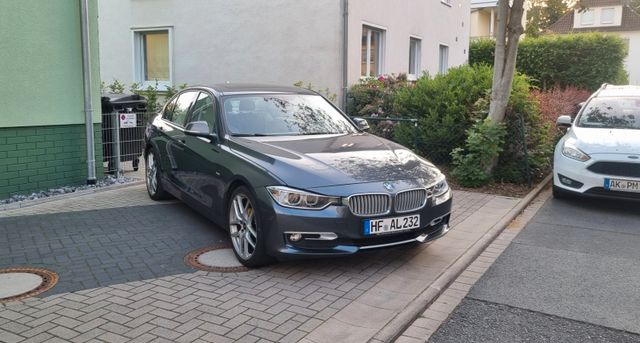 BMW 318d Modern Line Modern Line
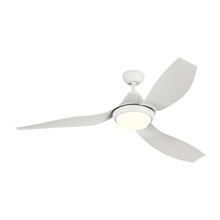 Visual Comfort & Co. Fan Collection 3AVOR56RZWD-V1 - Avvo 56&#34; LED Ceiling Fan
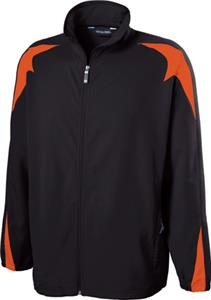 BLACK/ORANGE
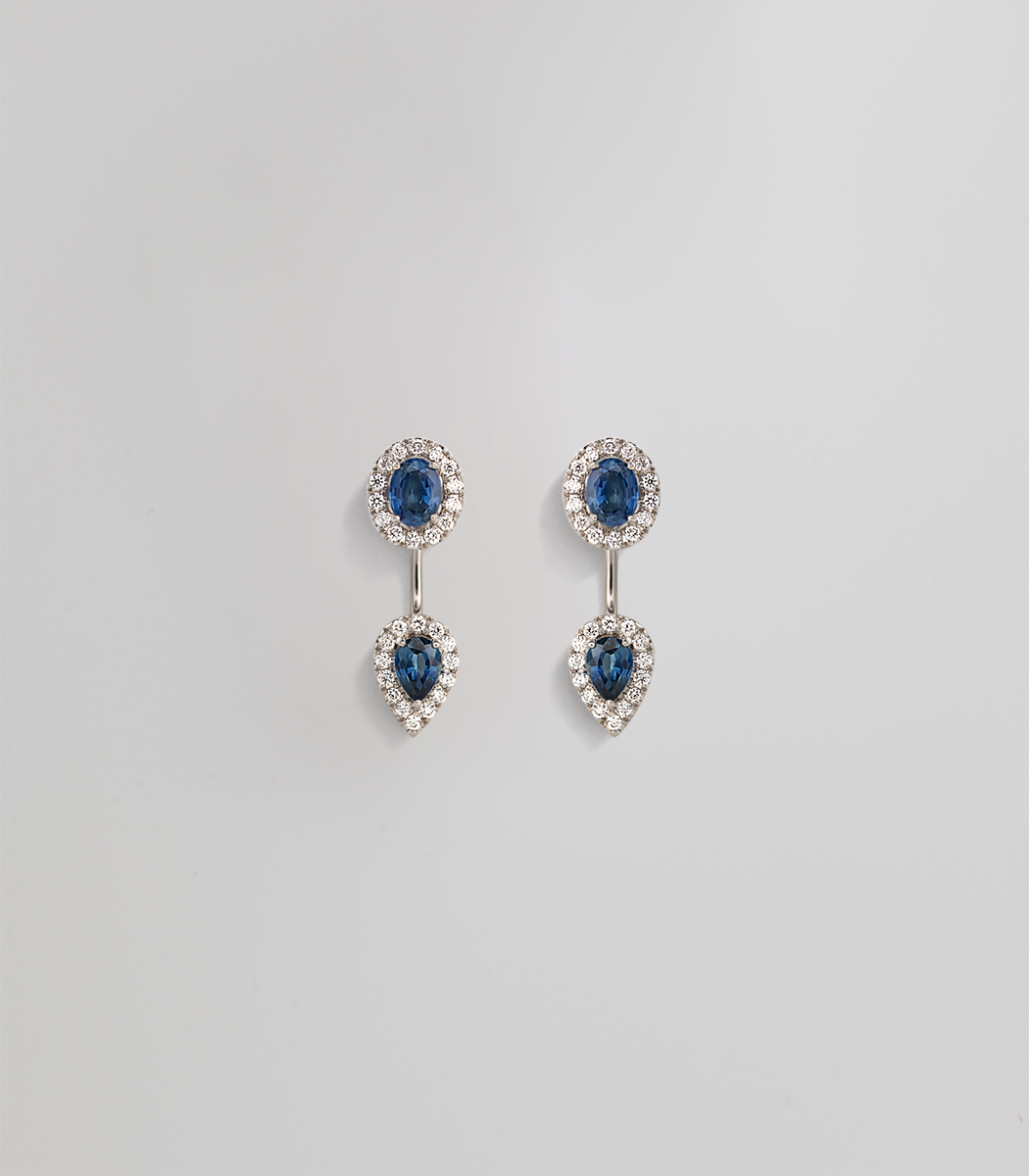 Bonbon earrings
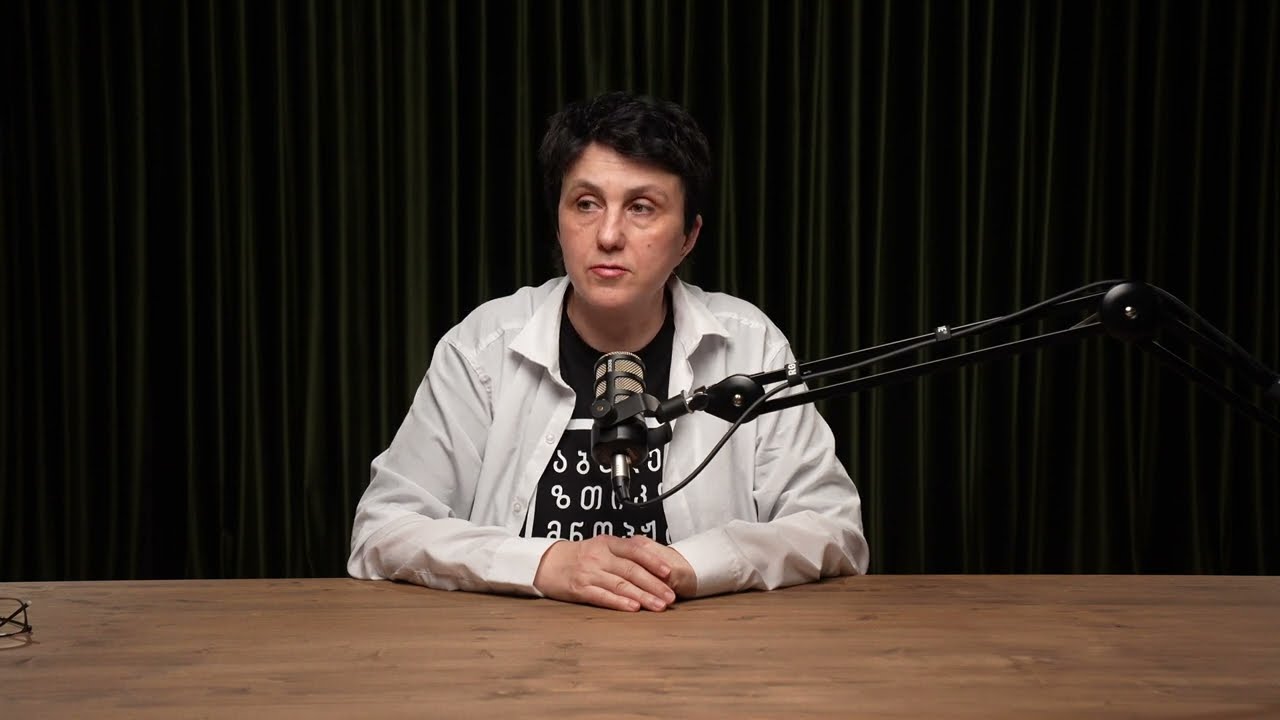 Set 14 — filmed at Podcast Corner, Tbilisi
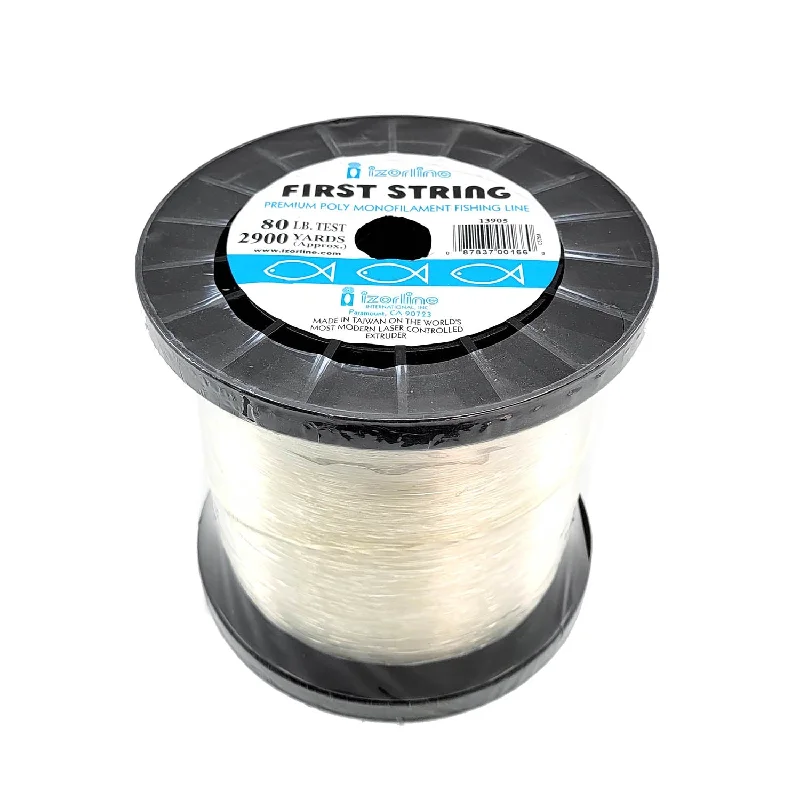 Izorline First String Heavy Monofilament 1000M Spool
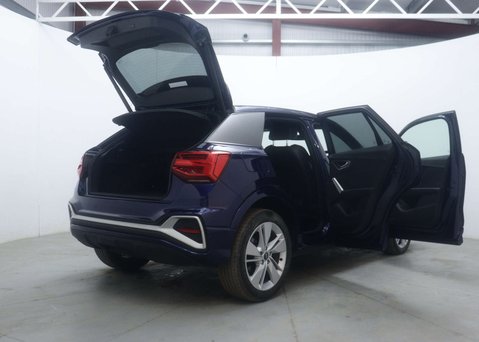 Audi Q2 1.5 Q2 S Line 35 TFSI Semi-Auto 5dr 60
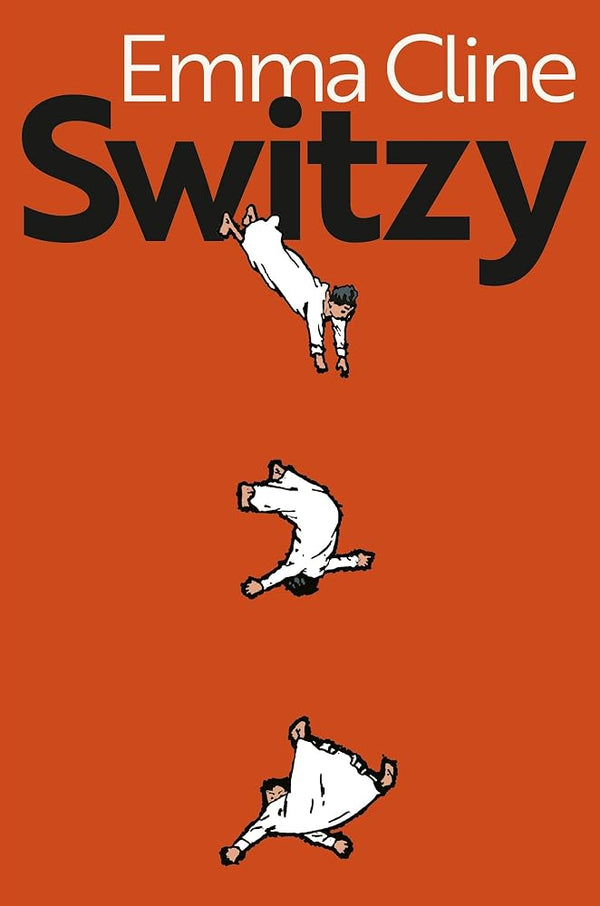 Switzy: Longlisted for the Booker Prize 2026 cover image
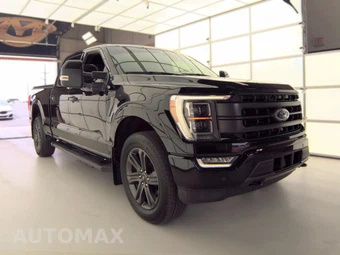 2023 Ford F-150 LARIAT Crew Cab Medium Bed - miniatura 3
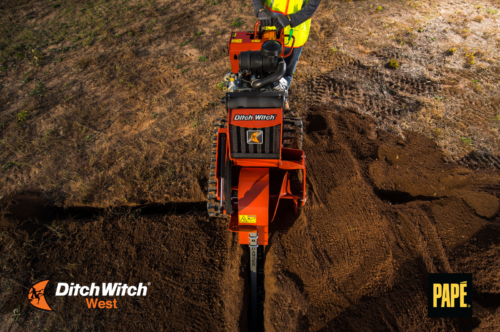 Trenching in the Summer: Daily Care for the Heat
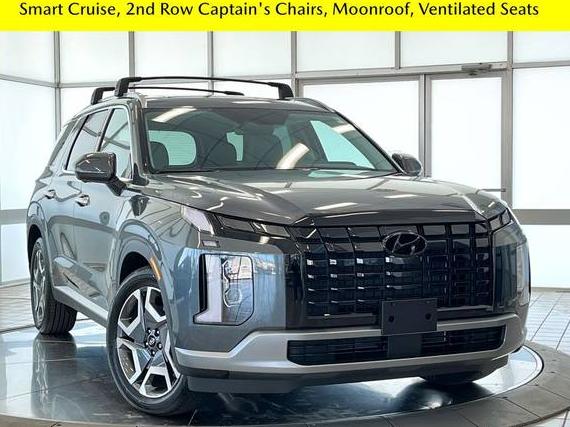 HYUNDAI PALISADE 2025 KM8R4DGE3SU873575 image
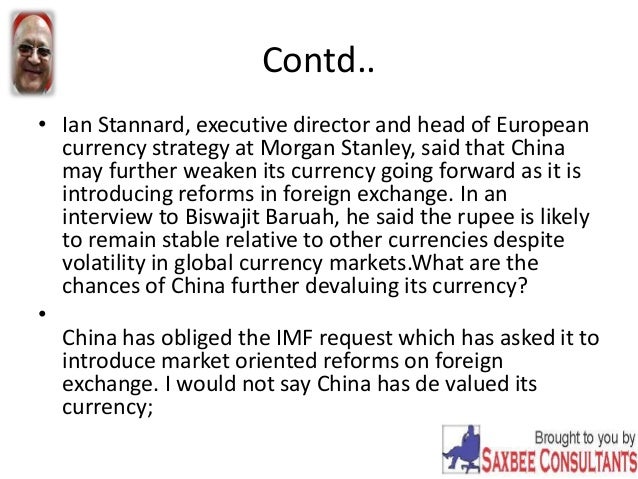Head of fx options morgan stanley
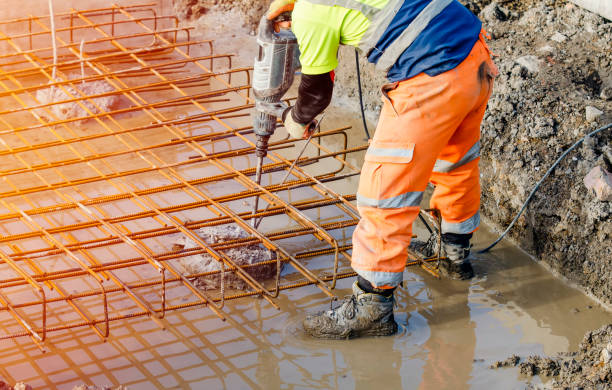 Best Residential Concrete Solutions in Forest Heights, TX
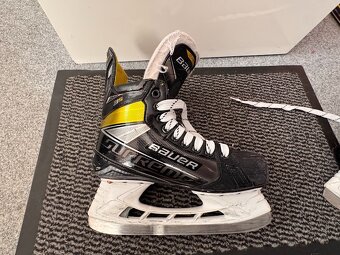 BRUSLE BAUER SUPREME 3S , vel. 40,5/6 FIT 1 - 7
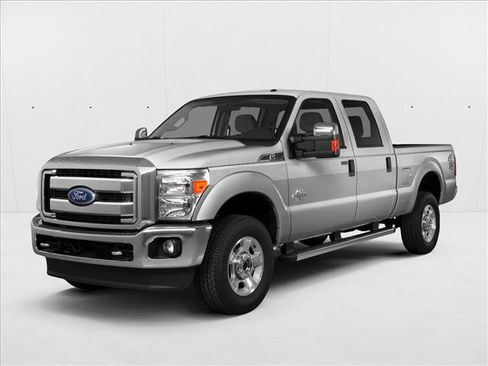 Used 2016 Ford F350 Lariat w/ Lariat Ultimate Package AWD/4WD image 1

#####

### WHAT YOU WILL DO
Reproduce exactly, and only, the lines from the opening line of the listing above through the line holding "2023 Ford F-150", minus the pictures.

### TASK OUTPUT
 BMW 318d Modern Line Modern Line
 Visual Comfort & Co. Fan Collection 3AVOR56RZWD-V1 - Avvo 56&#34; LED Ceiling Fan
 BLACK/ORANGE
 Bonbon earrings
 Set 14 — filmed at Podcast Corner, Tbilisi
 Izorline First String Heavy Monofilament 1000M Spool
 Audi Q2 1.5 Q2 S Line 35 TFSI Semi-Auto 5dr 60
 Switzy: Longlisted for the Booker Prize 2026 cover image
 2023 Ford F-150 LARIAT Crew Cab Medium Bed - miniatura 3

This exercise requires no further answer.